Exercise description :: With pictures left out, please repeat word for word the lines from the one containing "Grey t shirt" through the end of the records.

Extracted records ::

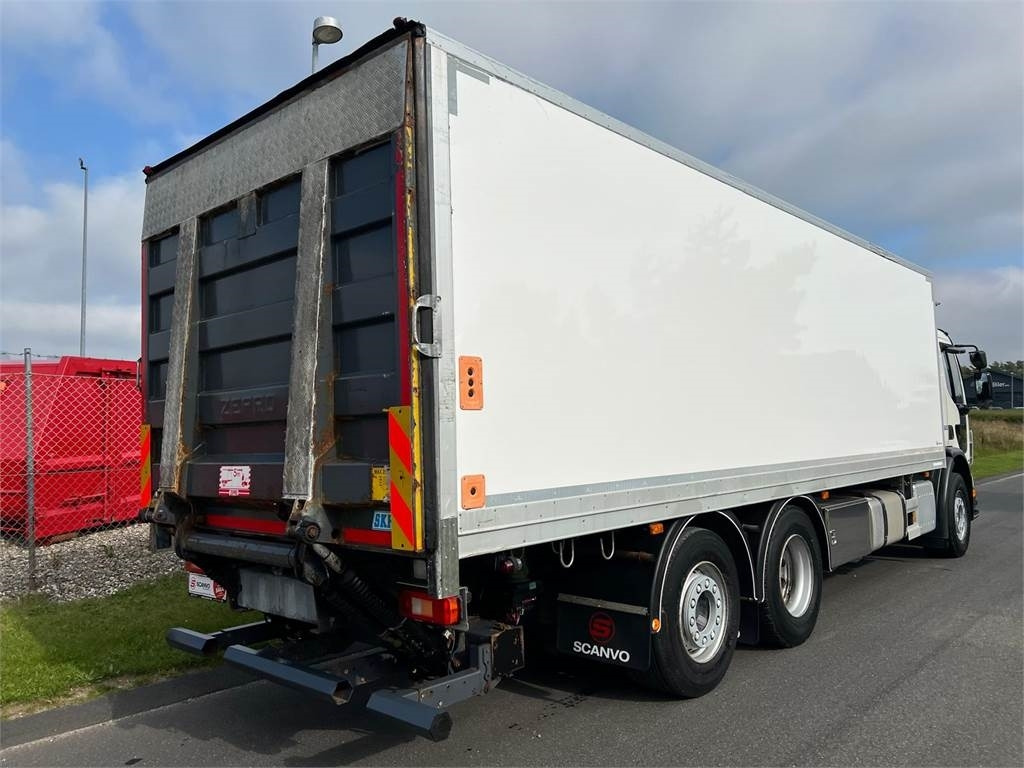 Volvo FE320 6x2*4 - Грузовик с закрытым кузовом: фото 4 Volvo FE320 6x2*4 - Грузовик с закрытым кузовом: фото 4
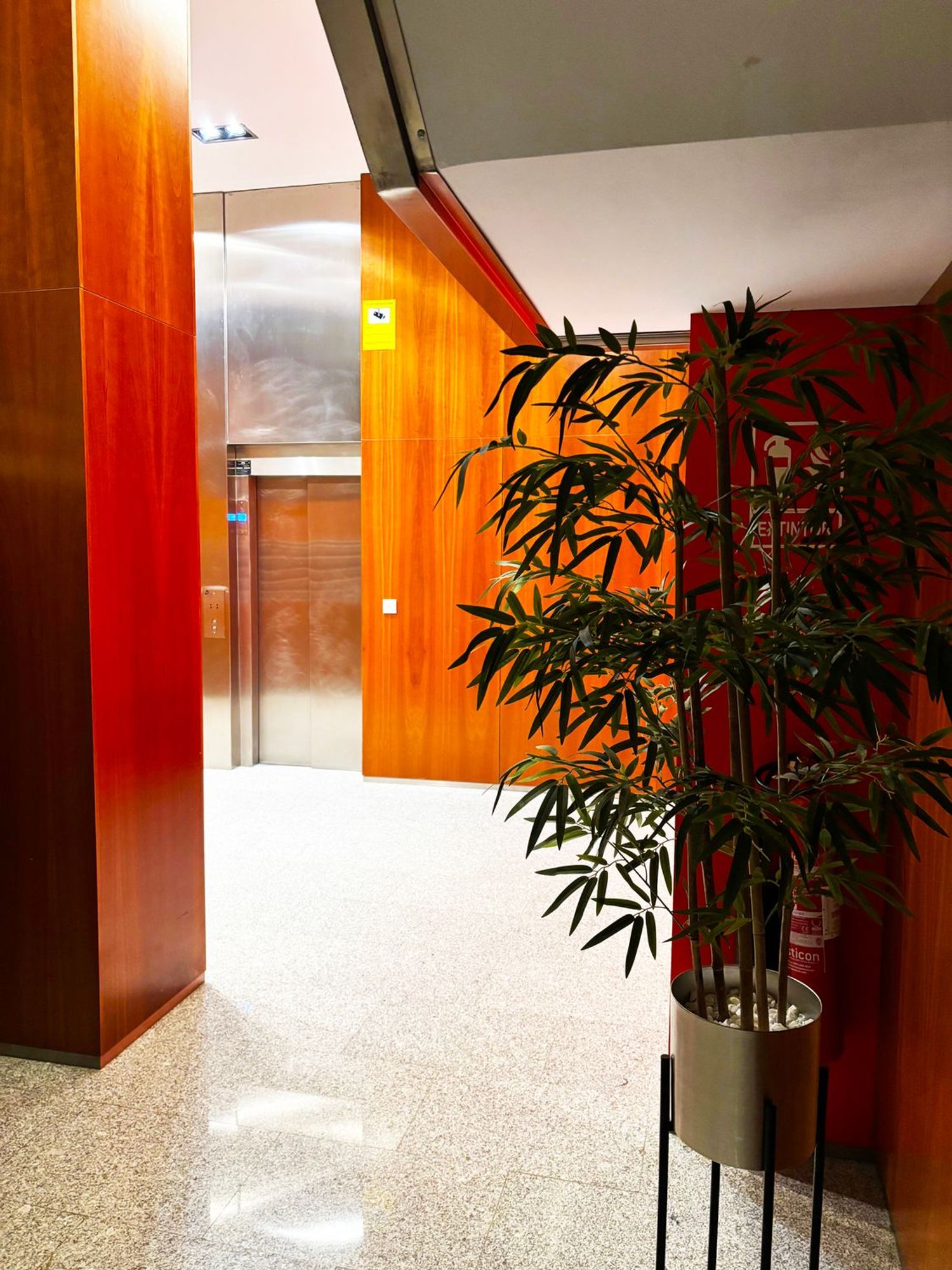 Piso en calle Granja de Rocamora, 4 - Foto 2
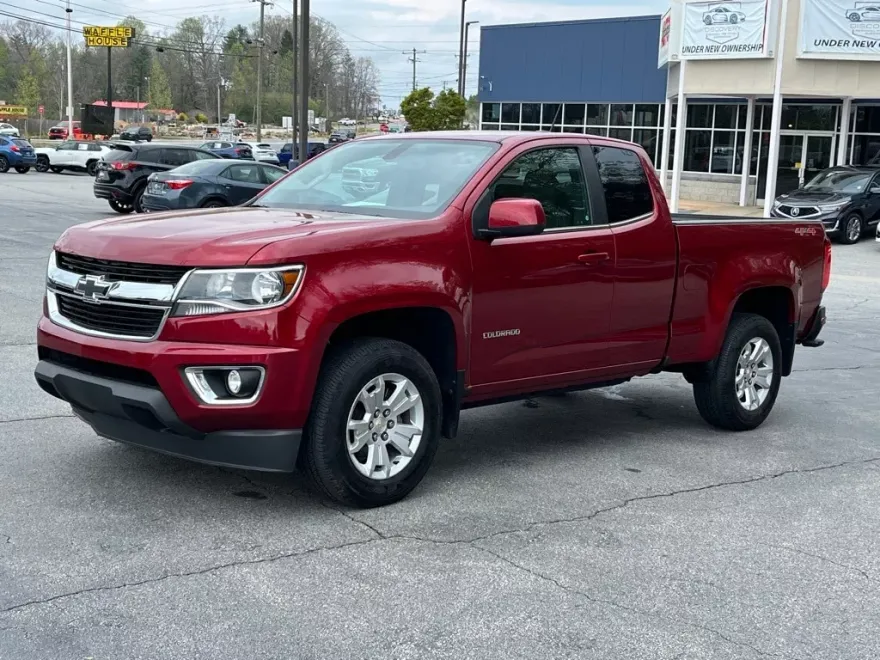 2019 Chevrolet Colorado LT photo 1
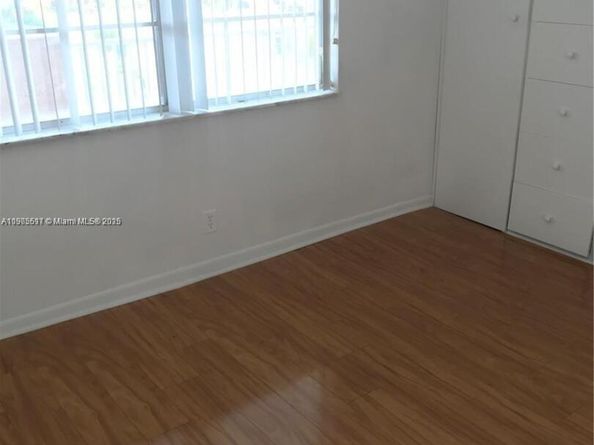 250 Jacaranda Dr 402, Plantation FL 33324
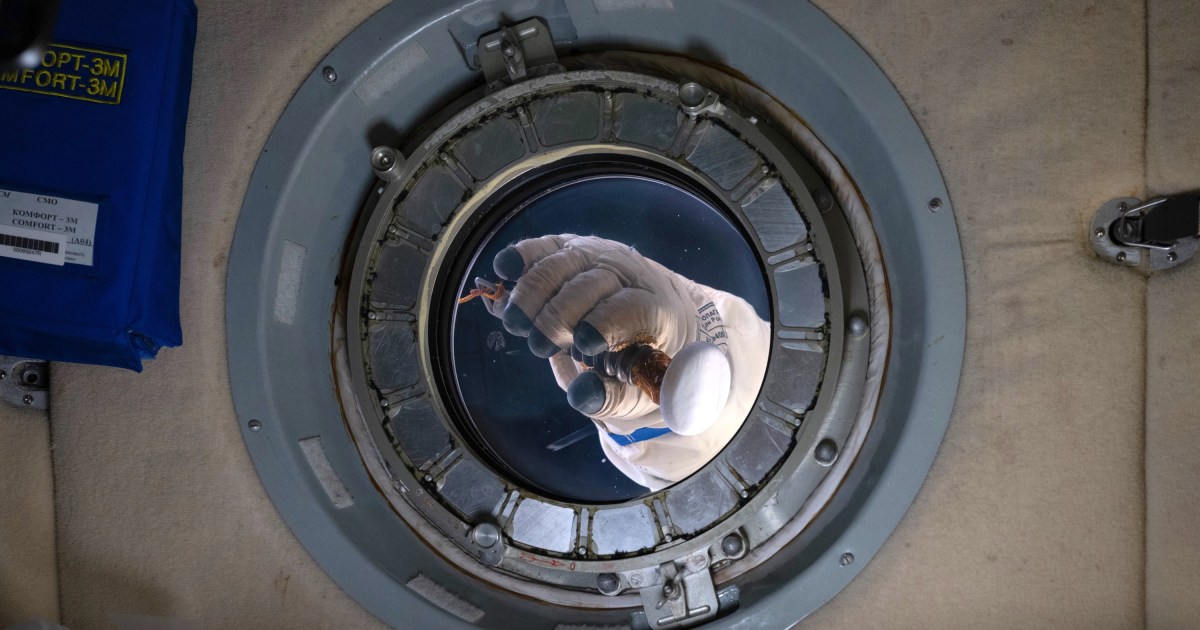 Window cleaning meets the final frontier as cosmonaut gets the sponge out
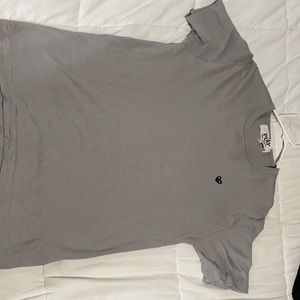 Grey t shirt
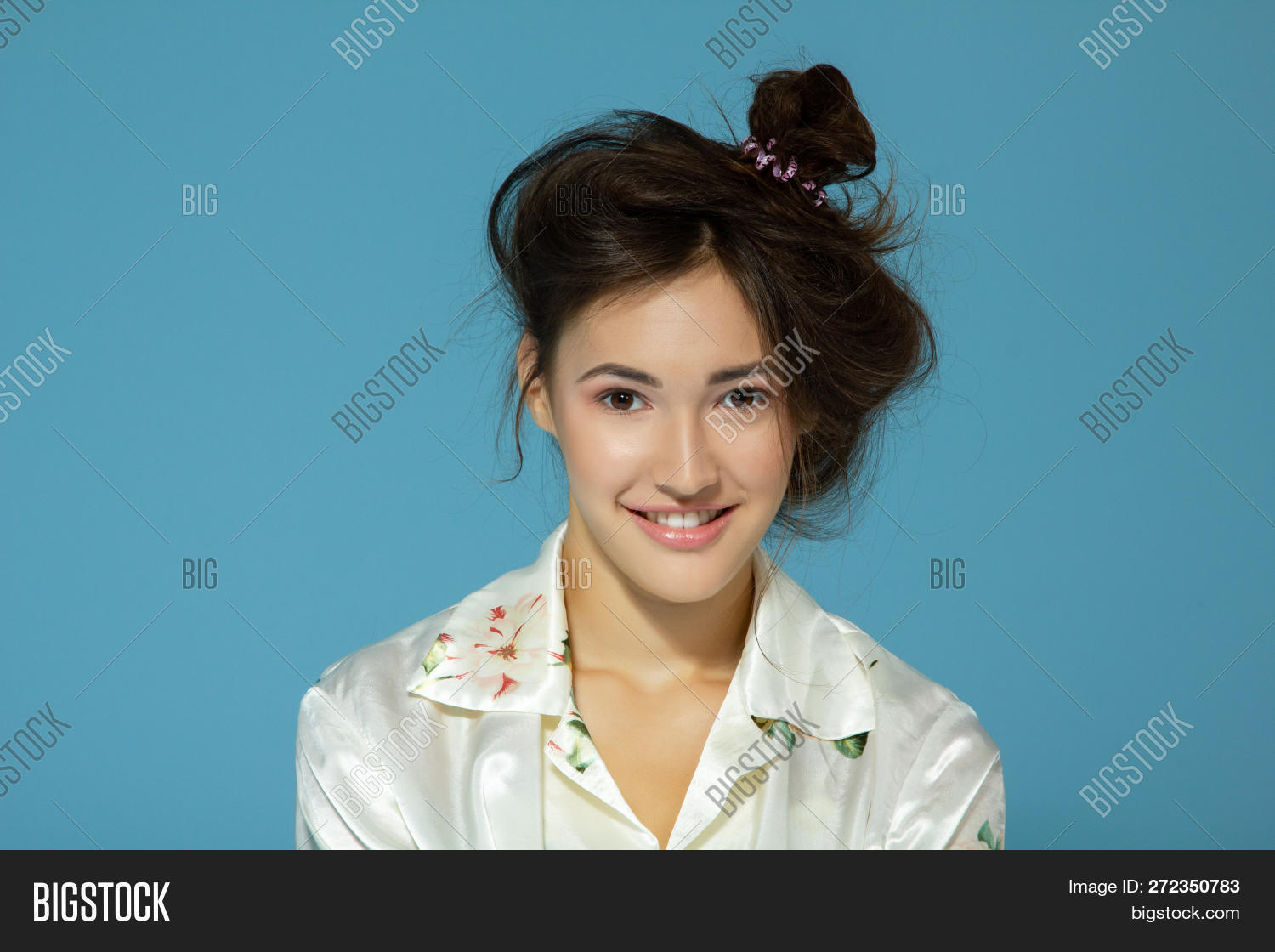 Accept. opinion, cute very young looking teen girls are available? Remarkable, very cute very young looking teen girls all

Response ::
 Grey t shirt
 Accept. opinion, cute very young looking teen girls are available? Remarkable, very cute very young looking teen girls all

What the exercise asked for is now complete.